For the word "Hybrid", count the lines of the records that hold it, and give only that number.

(Caption-style text data)
────────────────────

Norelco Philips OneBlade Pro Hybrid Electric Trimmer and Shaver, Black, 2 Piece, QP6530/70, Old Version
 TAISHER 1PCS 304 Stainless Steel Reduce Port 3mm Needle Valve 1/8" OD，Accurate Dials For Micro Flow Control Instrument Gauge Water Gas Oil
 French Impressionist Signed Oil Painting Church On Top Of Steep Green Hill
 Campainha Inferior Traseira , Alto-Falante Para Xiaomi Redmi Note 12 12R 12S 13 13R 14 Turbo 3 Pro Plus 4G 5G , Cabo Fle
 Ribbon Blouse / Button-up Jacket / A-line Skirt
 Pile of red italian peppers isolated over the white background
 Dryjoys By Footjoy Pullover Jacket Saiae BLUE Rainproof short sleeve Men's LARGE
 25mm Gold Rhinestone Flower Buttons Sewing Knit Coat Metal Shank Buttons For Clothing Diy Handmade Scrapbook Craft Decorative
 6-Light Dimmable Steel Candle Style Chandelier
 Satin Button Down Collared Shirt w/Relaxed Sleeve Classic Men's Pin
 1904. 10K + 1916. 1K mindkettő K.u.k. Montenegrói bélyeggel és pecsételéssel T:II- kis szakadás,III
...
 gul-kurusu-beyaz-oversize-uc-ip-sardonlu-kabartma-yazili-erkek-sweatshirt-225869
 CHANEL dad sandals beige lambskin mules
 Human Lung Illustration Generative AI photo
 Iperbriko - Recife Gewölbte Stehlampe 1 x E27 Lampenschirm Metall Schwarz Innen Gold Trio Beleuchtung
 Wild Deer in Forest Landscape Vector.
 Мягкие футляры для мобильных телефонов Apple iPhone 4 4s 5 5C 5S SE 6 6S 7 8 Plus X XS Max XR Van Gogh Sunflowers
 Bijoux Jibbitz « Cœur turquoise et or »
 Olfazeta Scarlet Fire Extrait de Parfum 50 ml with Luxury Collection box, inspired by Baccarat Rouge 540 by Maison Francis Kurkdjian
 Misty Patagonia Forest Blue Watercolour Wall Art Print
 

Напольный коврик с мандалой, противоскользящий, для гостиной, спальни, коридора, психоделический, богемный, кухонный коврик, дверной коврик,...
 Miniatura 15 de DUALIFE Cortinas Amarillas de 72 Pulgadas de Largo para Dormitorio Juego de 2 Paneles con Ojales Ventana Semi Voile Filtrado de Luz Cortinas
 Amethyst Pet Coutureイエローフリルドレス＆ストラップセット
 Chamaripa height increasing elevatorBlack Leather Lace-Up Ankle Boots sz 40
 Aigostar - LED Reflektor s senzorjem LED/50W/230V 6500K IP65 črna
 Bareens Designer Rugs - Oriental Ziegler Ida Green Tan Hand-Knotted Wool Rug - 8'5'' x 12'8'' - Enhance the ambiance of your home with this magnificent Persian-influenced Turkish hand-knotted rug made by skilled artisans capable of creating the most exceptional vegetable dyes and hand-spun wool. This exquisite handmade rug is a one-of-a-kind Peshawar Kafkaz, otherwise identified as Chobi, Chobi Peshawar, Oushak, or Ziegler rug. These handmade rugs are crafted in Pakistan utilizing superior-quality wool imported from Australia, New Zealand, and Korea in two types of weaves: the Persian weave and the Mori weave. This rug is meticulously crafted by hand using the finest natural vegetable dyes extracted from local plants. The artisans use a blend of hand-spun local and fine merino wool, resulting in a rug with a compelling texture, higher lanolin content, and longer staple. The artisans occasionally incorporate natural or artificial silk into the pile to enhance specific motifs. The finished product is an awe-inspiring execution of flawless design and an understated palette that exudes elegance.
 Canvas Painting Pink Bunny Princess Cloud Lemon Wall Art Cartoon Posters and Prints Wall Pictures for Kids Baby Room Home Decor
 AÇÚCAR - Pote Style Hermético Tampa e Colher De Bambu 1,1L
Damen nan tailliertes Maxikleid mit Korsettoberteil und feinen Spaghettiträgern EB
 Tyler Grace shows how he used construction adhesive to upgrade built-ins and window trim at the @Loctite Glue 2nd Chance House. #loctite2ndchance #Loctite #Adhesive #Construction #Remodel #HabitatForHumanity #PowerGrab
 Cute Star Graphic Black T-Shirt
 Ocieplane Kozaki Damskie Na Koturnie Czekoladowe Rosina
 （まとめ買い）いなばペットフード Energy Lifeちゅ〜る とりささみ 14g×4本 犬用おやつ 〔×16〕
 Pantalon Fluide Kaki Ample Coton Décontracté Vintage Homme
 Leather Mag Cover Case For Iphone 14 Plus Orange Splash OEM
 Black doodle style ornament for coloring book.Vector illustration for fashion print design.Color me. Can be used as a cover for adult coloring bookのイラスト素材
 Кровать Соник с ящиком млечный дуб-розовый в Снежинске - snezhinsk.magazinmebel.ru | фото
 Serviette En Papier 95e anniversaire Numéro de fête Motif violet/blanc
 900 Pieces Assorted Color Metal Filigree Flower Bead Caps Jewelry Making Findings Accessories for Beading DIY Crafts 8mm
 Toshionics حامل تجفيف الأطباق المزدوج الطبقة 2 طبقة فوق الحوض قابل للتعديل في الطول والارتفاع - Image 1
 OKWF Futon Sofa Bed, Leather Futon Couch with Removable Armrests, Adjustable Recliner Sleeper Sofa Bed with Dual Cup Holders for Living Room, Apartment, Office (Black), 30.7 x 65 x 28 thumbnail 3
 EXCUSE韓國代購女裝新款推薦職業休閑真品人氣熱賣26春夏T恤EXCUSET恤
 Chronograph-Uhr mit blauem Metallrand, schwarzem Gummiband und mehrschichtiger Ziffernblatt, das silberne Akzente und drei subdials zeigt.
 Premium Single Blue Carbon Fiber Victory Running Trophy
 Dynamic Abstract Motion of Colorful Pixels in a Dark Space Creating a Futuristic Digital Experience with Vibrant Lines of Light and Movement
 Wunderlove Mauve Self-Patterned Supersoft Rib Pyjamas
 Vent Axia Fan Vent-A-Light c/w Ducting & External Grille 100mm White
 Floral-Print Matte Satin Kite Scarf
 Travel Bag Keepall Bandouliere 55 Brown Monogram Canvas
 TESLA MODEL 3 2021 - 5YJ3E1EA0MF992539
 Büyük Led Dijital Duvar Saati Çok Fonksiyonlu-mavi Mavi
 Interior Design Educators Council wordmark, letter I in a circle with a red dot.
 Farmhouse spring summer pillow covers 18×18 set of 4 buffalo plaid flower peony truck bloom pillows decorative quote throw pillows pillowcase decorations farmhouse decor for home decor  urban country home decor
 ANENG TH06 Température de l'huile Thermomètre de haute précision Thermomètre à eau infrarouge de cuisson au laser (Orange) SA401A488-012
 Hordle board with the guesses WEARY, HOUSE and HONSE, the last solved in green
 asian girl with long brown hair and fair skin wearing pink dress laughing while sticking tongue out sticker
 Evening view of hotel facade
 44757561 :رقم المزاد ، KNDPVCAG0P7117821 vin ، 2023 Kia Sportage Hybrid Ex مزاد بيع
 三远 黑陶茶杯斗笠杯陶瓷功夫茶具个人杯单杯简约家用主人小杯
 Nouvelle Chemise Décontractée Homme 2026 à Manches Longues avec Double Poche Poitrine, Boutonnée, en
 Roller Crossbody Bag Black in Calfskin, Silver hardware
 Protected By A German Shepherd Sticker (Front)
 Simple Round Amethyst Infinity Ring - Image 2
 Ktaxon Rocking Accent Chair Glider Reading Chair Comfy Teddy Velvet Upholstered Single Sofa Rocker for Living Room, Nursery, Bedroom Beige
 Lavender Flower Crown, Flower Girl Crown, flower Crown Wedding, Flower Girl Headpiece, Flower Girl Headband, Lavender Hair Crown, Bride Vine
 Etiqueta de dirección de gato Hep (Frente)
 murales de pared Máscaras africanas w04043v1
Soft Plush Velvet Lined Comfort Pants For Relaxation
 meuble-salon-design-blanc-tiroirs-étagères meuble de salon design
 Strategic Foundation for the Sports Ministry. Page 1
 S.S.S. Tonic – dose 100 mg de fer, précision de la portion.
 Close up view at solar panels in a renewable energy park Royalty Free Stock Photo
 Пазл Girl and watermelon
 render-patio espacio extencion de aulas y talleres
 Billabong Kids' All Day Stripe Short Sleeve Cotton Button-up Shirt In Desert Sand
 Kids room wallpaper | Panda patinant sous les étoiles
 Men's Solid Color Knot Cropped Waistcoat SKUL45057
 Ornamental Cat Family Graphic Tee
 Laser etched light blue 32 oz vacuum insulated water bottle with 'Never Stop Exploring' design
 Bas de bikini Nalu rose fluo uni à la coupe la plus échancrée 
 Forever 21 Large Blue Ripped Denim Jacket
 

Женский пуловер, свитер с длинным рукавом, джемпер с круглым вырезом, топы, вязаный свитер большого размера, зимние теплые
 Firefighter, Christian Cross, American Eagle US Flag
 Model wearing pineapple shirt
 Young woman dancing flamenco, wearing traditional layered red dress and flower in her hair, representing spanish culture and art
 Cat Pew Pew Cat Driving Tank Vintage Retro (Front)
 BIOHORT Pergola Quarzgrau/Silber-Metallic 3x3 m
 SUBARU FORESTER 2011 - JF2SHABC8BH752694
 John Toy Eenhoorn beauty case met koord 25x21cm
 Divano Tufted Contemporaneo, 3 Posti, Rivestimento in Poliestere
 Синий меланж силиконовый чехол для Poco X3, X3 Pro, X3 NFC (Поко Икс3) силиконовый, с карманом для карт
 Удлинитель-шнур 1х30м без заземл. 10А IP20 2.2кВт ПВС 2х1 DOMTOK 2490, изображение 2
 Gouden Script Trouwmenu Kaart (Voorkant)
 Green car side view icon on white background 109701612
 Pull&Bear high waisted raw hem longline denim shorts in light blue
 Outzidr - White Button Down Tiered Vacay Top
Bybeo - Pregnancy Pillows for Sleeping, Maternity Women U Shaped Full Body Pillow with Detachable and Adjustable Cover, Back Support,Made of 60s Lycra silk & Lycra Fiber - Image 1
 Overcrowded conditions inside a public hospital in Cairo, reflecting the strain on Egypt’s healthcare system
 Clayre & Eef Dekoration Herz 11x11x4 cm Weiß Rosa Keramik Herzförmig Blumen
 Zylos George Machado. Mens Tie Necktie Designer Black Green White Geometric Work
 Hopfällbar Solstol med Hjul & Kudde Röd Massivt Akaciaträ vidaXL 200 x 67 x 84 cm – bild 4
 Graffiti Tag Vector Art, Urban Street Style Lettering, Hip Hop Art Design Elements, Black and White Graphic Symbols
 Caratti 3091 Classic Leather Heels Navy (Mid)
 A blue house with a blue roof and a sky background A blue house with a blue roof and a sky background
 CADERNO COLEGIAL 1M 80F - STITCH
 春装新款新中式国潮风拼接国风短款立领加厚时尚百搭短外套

────────────────────

* _Reply to the task_
2